Malika Rahal ontvangt ons per videoverbinding bij haar thuis, in de studeerkamer. De historica, auteur van verschillende boeken over kolonisatie en de strijd daartegen, is onderzoekster aan het prestigieuze Centre national de la recherche scientifique (CNRS) en directrice van het Institut d'histoire du temps présent. Zopas publiceerde ze het boek Algérie 1962. Une histoire populaire (zie kader). In haar eigen woorden gaat het over "een omkering van de oude orde die verder reikt dan alleen staatssoevereiniteit en een ingrijpende verandering inhoudt van particuliere eigendom en productiewijzen, werkgelegenheid en huisvesting, leefruimten en leefstijl". Een fascinerende ontmoeting met een gepassioneerde vrouw.
Lees verder onder de foto
In 1830 maakt Algerije deel uit van het Ottomaanse Rijk, dat bestuurd wordt vanuit Turkije en zich uitstrekt rond de Middellandse Zee, de Zwarte Zee en de Rode Zee. Waarom willen de Franse kolonisten dit grondgebied inpalmen? "De Fransen hebben allereerst economische redenen", begint Malika Rahal. "Het draait om de verkoop van graan door Algerije aan Frankrijk, het niet terugbetalen van schulden en een Franse ambassadeur die zich vernederd voelt door de dey van Algiers, de dienstdoende gouverneur. In eerste instantie is het dus een strafexpeditie. Maar als de troepen landen en de bezetting begint, vraagt Frankrijk zich af: Wat gaan we met dit grondgebied doen? De bevolking moet onderworpen worden en dan zal men beginnen nadenken over vestigingskolonialisme en landbouwkolonisatie met de onteigening van het land van de Algerijnen."
Malika Rahal. Ja, op verschillende niveaus. Het is een vroege kolonisatie. De andere Franse kolonies in Afrika en de Arabische wereld ontstonden aan het eind van de 19de en het begin van de 20ste eeuw.
Daarnaast is er sprake van vestigingskolonialisme (de kolonisator stuurt een deel van zijn bevolking naar de kolonie om er te gaan wonen, n.v.d.r.). Gewoonlijk hebben we een overheersing met een paar bestuurders, militairen en slechts een handvol Europese inwoners. In dit geval stuurt men mensen van de metropool (het Franse grondgebied in Europa, n.v.d.r.) om de gebieden te bevolken en er zich duurzaam te vestigen.

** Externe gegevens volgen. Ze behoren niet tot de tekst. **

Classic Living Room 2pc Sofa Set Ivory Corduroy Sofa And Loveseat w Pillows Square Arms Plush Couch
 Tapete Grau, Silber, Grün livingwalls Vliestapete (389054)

Het derde kenmerk is dat dit vestigingsproces teruggedraaid is: het land werd onafhankelijk en maakte vervolgens een dekolonisatieproces door. Dat is niet het geval in de Verenigde Staten, Canada, Australië, Nieuw-Zeeland en elders, waar de kolonisten nooit zijn weggegaan en het land na de onafhankelijkheid hebben behouden.
Malika Rahal. In de eerste plaats zijn er vormen van gewapend verzet, die verschillende bevolkingsgroepen in Algerije bijeen brengen in het verzet tegen de Franse kolonisatie. Zoals dat onder leiding van emir Abdelkader. Hij slaagt erin een onafhankelijke, mobiele staat op te richten met een eigen munt, eigen wetten en belastingen. Hij wint 15 jaar lang gevechten tegen het Franse leger, voordat hij zich uiteindelijk moet overgeven. Tot aan de Onafhankelijkheid doen zich geregeld opstanden voor.
Lees verder onder de foto
De kolonisatie komt ook tot uiting in de onteigening van land, land dat door de Franse staat wordt geconfisqueerd, vaak als straf voor opstanden. Grote of kleine landeigenaars of collectieve landeigenaars - groepen mensen die het gebruik van het land delen - verliezen de eigendom van hun gronden en worden vervolgens goedkope arbeidskrachten die dan diezelfde gronden bewerken voor Europese landeigenaars. Deze kolonisten zijn vaak zeer bescheiden Fransen die dromen van een beter leven in een gefantaseerd Frankrijk aan de andere kant van de zee.
Aan Franse zijde is in die tijd in de collectieve verbeelding de plaats van Algerije zeer duidelijk: Algerije is Franse bodem. De kolonie wordt opgesplitst in departementen, net als het Franse grondgebied. Je kunt van Parijs naar Algiers of van Marseille naar Algiers reizen zonder een ander land te doorkruisen. Dat maakt een afsplitsing van Algerije voor veel Fransen moeilijk voorstelbaar: voor hen is dat hetzelfde als een arm of een been afsnijden.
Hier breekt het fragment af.